*** DATA EXCERPT Section Begins ***

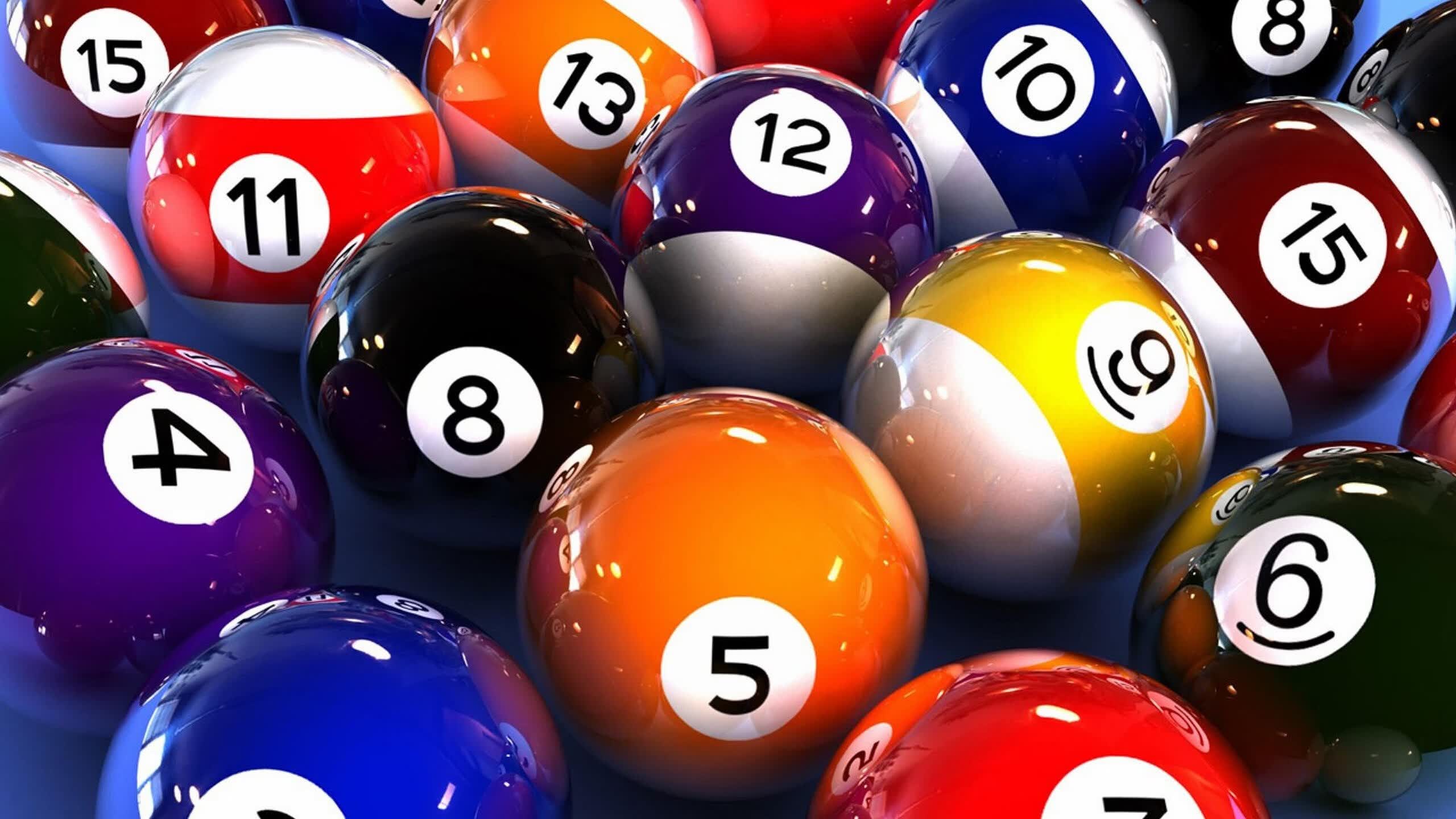 字母哥伤愈回归倒计时，雄鹿季后赛走向迎关键拐点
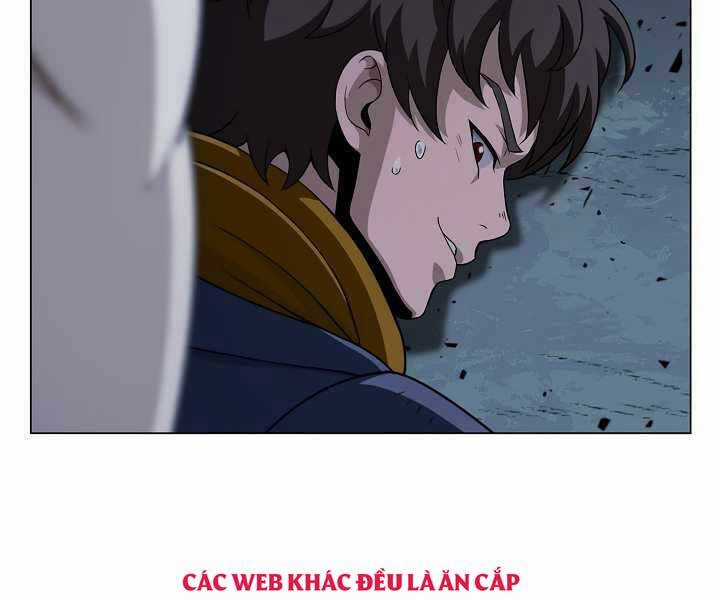 Thợ Săn Ăn Thịt Người Chương 19 trang 17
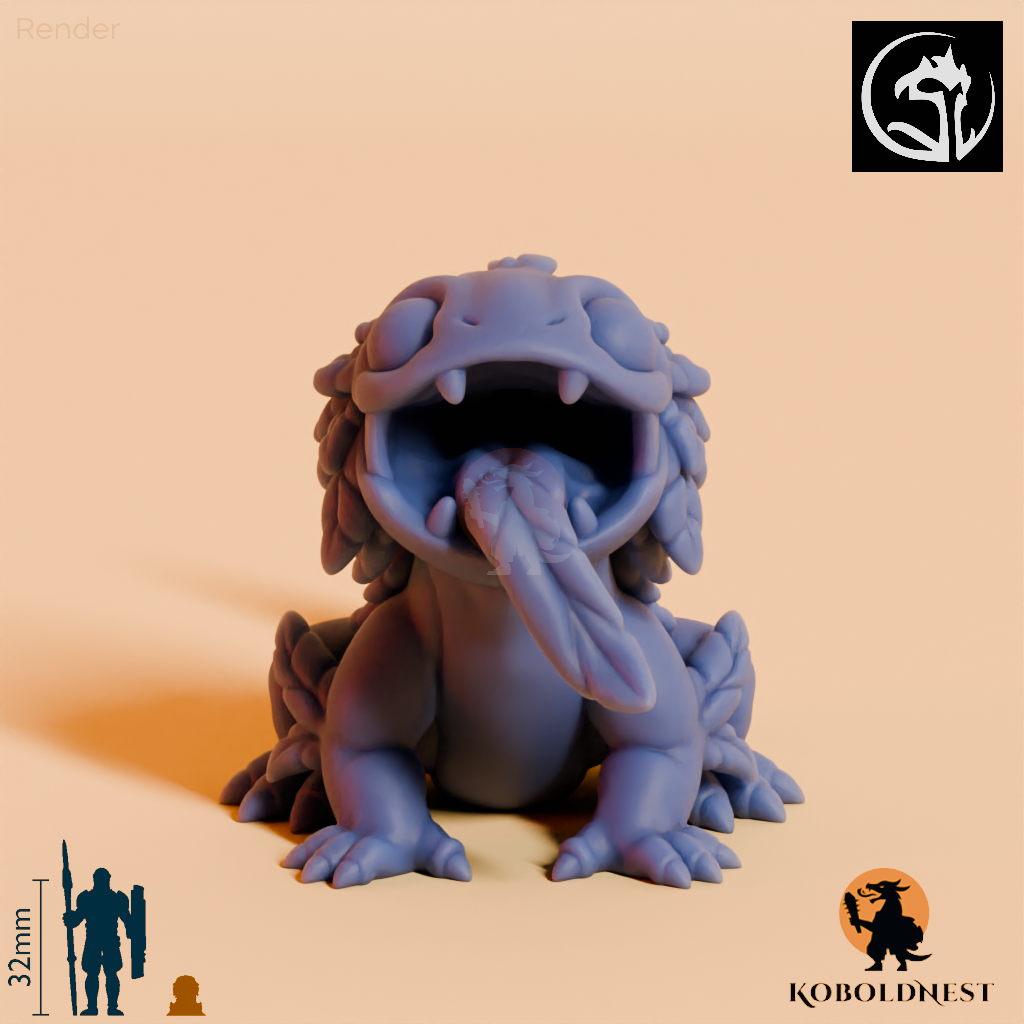 Leafyguana_render_75pitch_0deg.png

*** DATA EXCERPT Section Ends ***

• _EXERCISE PROMPT_
Every line of the material should be repeated precisely; pictures are to be excluded.

• _RESPONSE_
 字母哥伤愈回归倒计时，雄鹿季后赛走向迎关键拐点
 Thợ Săn Ăn Thịt Người Chương 19 trang 17
 Leafyguana_render_75pitch_0deg.png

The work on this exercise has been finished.